About this task —
Only the lines with "coronavirus" in the entries below belong in the answer; please copy them.

Records for the task —
--

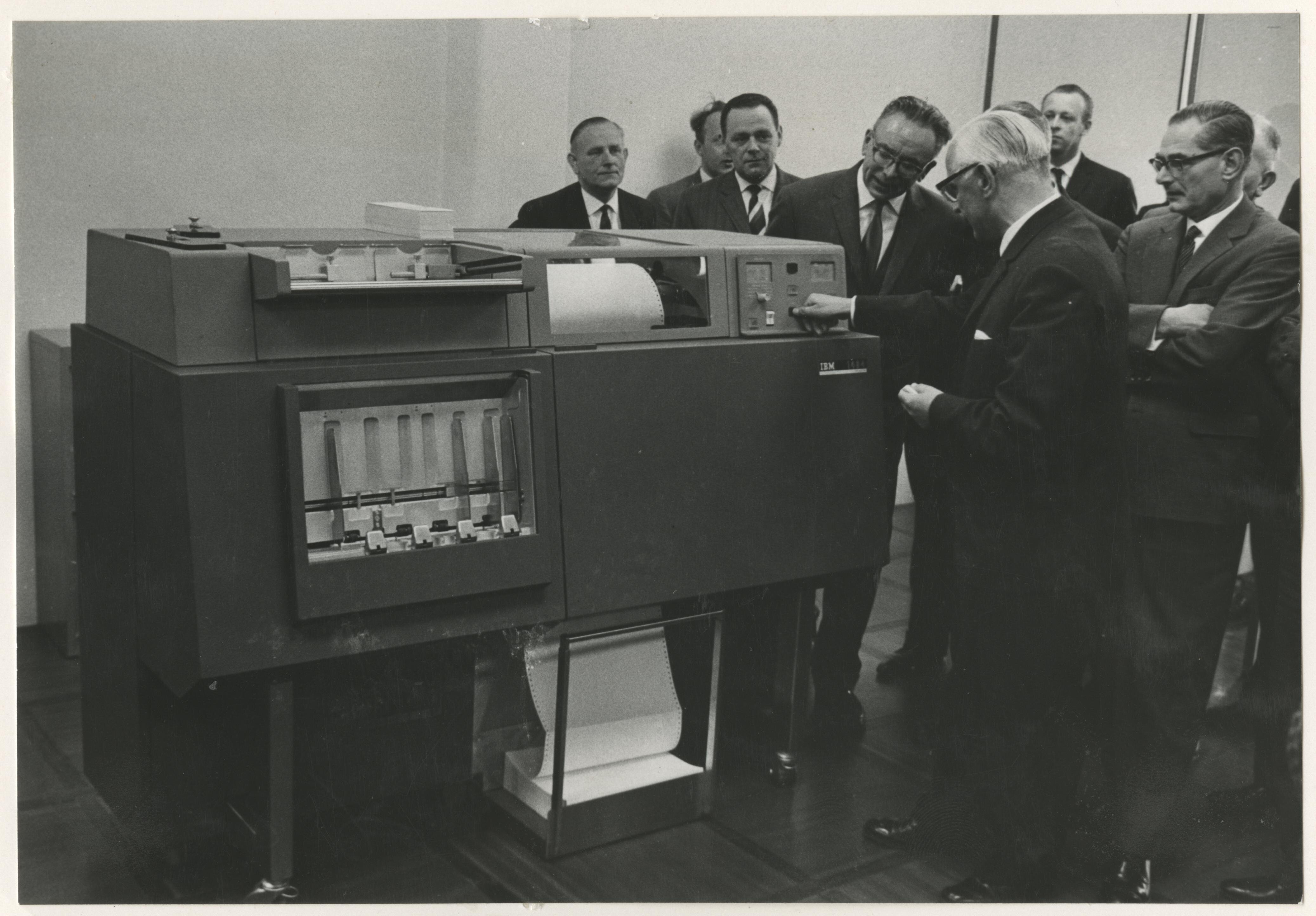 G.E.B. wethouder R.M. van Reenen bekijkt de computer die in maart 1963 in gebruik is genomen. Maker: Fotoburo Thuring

--

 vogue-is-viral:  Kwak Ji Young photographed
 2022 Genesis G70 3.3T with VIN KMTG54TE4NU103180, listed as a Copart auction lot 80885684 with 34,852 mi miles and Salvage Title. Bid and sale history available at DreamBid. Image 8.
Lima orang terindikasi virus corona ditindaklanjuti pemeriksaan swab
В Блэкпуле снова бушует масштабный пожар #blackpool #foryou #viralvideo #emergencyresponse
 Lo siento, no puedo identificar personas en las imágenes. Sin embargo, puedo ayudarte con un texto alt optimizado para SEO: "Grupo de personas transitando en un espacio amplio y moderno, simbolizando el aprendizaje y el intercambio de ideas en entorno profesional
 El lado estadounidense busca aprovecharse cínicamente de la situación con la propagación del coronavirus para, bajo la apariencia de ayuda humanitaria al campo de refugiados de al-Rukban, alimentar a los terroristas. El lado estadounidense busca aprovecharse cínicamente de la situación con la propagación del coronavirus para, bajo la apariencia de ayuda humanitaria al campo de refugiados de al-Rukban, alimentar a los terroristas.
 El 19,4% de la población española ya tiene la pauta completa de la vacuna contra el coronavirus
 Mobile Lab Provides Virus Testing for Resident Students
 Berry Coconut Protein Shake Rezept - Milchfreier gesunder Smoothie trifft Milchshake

--

Result for this task —
 El lado estadounidense busca aprovecharse cínicamente de la situación con la propagación del coronavirus para, bajo la apariencia de ayuda humanitaria al campo de refugiados de al-Rukban, alimentar a los terroristas. El lado estadounidense busca aprovecharse cínicamente de la situación con la propagación del coronavirus para, bajo la apariencia de ayuda humanitaria al campo de refugiados de al-Rukban, alimentar a los terroristas.
 El 19,4% de la población española ya tiene la pauta completa de la vacuna contra el coronavirus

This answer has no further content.